Below the 20-day SMA, silver is still under pressure on the downside.
Additional gains could be conceivable if the market breaks strongly over the $26.20 barrier.
Aggressive directional bids should be avoided if momentum oscillators are oversold.
The price of silver (XAG/USD) makes multiple tries to rise but fails to maintain the upward momentum. Prices move in a very narrow trading zone that is skewed to the upside.
The XAG/USD currency pair is now trading at $26.14, down 0.10 percent on the day.

On the daily chart, the white metal is consolidating below the Fibonacci retracement level of 38.2 percent, which extends from the low of $23.77.
If price climbs consistently above the intraday high of $26.19, it may be able to shake off the preceding day’s bearish price trend.

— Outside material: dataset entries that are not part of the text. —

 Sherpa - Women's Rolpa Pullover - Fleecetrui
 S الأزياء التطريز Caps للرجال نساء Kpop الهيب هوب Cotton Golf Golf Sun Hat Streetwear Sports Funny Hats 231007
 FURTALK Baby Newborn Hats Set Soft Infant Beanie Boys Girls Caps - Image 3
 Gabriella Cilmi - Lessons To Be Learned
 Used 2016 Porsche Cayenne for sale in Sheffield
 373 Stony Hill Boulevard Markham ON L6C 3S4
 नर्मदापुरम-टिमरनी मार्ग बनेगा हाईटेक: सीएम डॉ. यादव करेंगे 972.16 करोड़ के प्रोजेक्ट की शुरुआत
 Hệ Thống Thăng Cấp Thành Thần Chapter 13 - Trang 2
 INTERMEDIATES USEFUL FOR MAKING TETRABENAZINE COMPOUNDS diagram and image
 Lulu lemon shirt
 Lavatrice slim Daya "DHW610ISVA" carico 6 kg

The initial goal, at $26.51, can be found at the 20-day Simple Moving Average (SMA).
The Moving Average Convergence Divergence (MACD) indicator maintains a neutral posture in the oversold zone. Bulls would be able to retest the $27.00 horizontal resistance level if the MACD rose.
XAG/USD would then go for $27.50, which is the 23.6 percent Fibonacci retracement level.
Alternatively, with the previous day’s low of $26.01, a price move lower could entice bears to act.
If the price closes below the indicated level on a daily basis, the $25.85 horizontal support level will be breached.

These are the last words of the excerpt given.